Montag, 05.08.2024
Wirtschaften möglichst ohne Abfall
Was verstehst du unter Kreislaufwirtschaft?
In der Kreislaufwirtschaft sollen Ressourcen so lange und so effizient wie möglich verwendet werden. Das gilt für Energie und Wasser genauso wie für Lebensmittel oder Verpackungen und ist darüber hinaus auch ein Prinzip, nachdem ich mit meinen Lieferantinnen und Lieferanten sowie Produzentinnen und Produzenten zusammenarbeite. Anstatt nur von A nach B zu gehen, versuchen wir, sogenannte Kreisläufe nach nachhaltigen Prinzipien zu schaffen, beispielsweise mit einem Lebensmittel, dessen Anbau, Transport und Verwertung wir so effizient und ganzheitlich wie möglich betrachten.
Was ist ein konkretes Beispiel im Ecluse, das für Kreislaufwirtschaft steht?
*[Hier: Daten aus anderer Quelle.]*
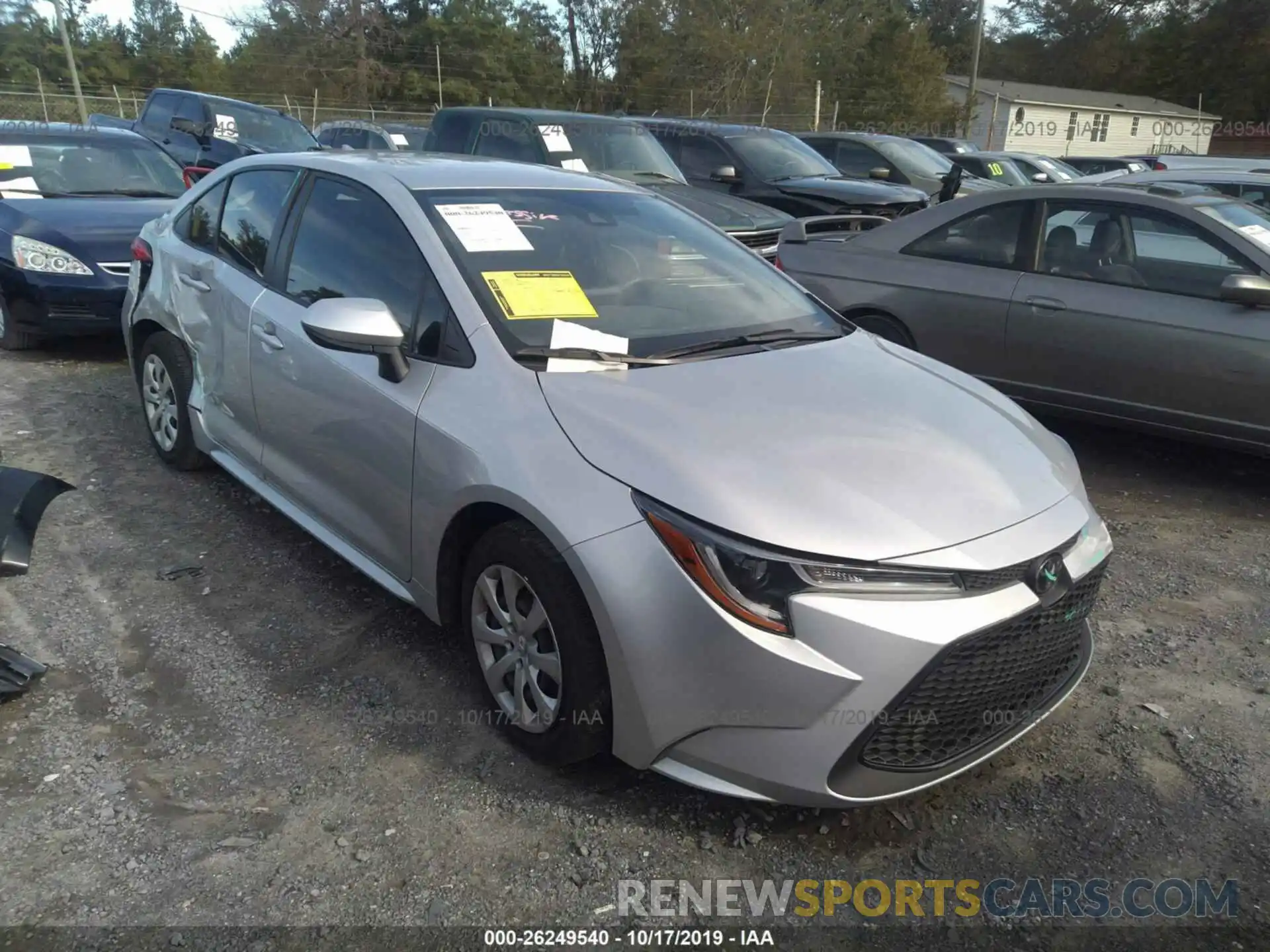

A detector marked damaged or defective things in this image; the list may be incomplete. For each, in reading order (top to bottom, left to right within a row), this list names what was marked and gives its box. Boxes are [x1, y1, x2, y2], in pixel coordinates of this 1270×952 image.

detached car part [0, 465, 73, 698]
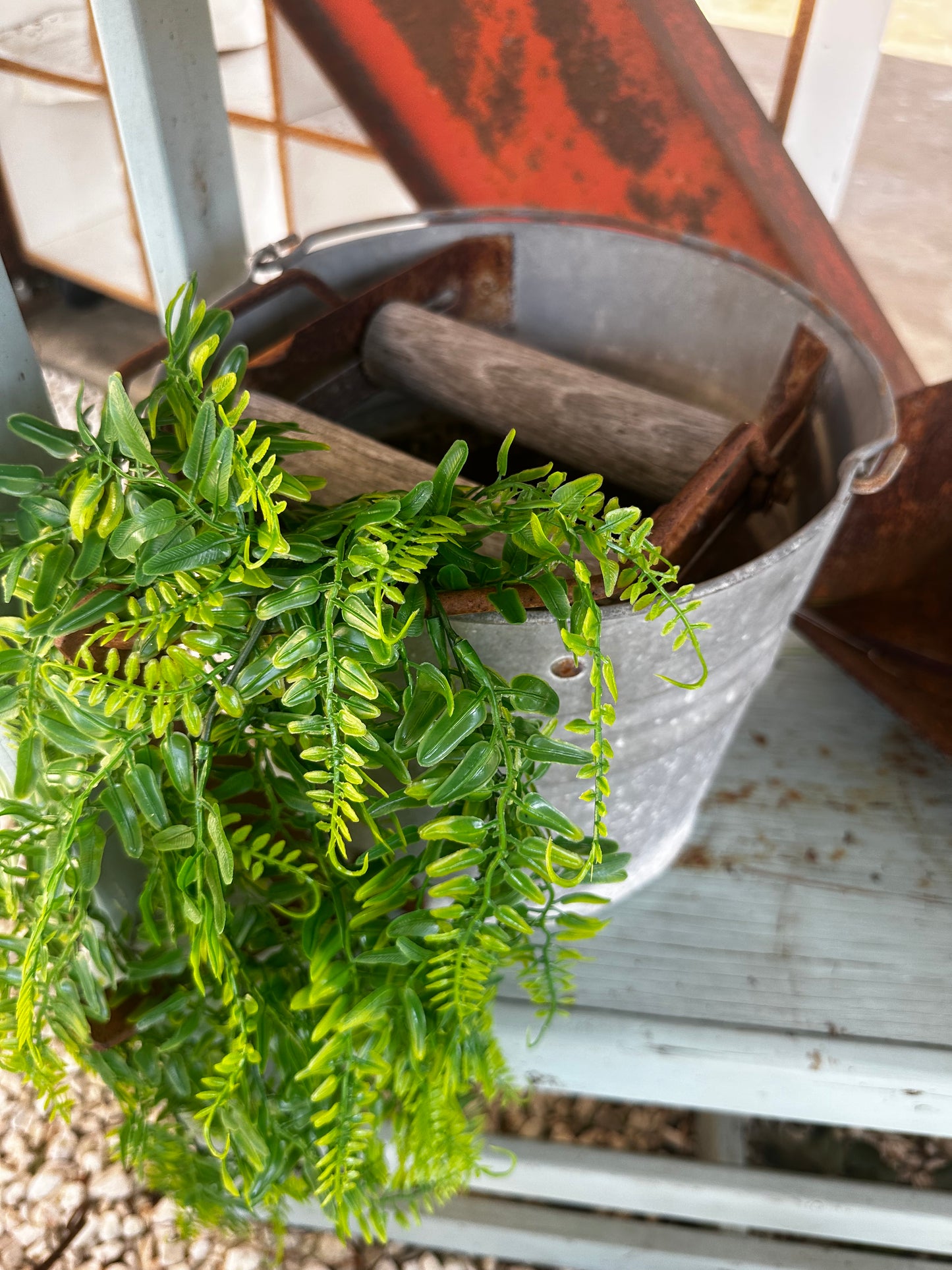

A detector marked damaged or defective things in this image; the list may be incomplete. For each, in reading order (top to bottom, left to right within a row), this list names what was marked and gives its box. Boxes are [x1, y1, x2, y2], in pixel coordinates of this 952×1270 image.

Da gibt es viele. Die Kaffeetasse, die du gerade in den Händen hältst, besteht aus gepresstem Kaffeesatz – also aus einem vermeintlichen Abfallprodukt. Sie hält sehr lange. Materialien wie zum Beispiel Glas und Porzellan sind bruchanfällig und schwierig zu reparieren, darum vermeiden wir sie weitgehend. Allerdings arbeiten wir inzwischen sogar mit einer Unternehmerin, die für uns Geschirr aus Bruch herstellt. Ein anderes Beispiel ist die Menükarte, die digital dank QR-Code verfügbar ist. Da wir saisonal kochen, müssten wir ständig neue Karten drucken – so sparen wir das Papier.
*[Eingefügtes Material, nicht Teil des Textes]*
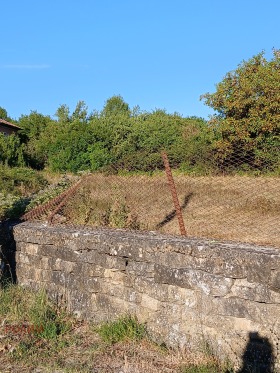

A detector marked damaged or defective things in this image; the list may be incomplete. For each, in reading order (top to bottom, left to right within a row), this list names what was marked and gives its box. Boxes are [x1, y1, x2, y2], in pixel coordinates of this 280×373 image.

rusty metal post [161, 150, 187, 234]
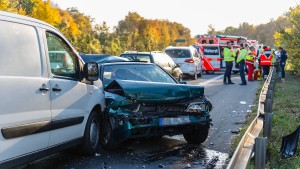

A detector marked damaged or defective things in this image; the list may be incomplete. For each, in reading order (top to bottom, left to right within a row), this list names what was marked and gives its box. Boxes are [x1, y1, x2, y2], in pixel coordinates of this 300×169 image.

damaged white van [0, 11, 105, 168]
crushed car hood [104, 80, 205, 103]
damaged green car [98, 62, 211, 149]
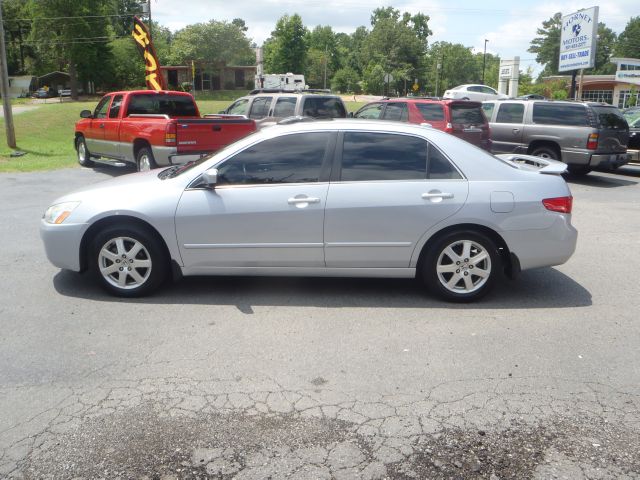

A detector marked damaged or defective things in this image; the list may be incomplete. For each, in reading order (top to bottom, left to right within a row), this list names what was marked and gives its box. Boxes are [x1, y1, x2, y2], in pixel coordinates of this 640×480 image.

cracked asphalt [1, 164, 640, 476]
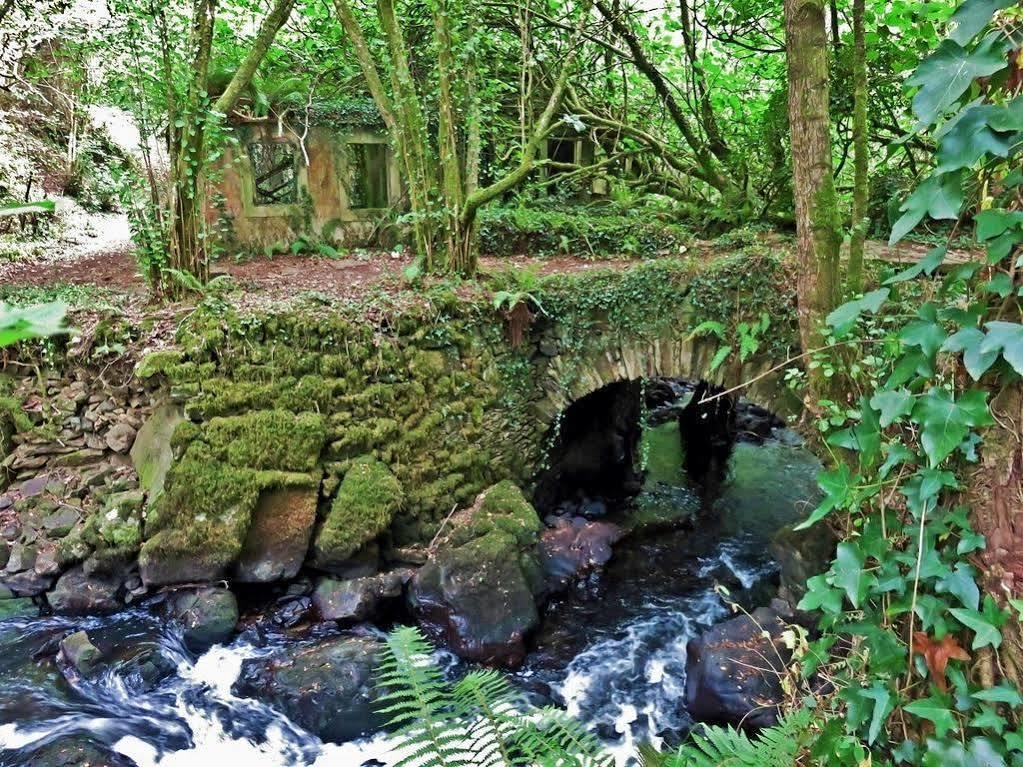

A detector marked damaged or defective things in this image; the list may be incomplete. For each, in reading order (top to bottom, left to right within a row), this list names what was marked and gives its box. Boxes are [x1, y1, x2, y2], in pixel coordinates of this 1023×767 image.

broken window [248, 142, 296, 206]
broken window [346, 142, 390, 208]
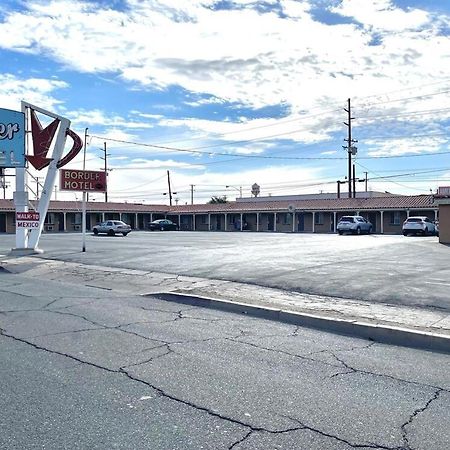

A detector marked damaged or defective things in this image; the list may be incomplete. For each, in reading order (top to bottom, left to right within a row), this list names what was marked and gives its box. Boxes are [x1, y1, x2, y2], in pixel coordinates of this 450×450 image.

cracked asphalt [0, 268, 450, 448]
Wie sieht es bei der Küche aus?
Das sind Ansätze, die man kennt: Eine kleine Karte, viel Saison, viel Regionalität. Wir verwenden nur Produkte, die aus einem Umkreis von 50 Kilometern kommen. Dazu machen wir sehr vieles selbst. Das bedingt eine grosse Vorratskammer. Als ich den Betrieb eröffnet habe, habe ich das Gartenhäuschen in drei grosse Kühlräume umfunktioniert und einen Lagerplatz in der Stadt dazu gemietet. Dort stapelt sich jetzt Eingemachtes, Fermentiertes und Getrocknetes – natürlich alles hausgemacht.
Ihr habt sogar einen Bienenstock…
Wir produzieren 25 Kilo Honig pro Jahr! Die Bienen sind für mich ein besonders gutes Beispiel für einen Kreislauf: Sie sind wichtig für die Pflanzen in unserem Garten und produzieren erst noch Honig.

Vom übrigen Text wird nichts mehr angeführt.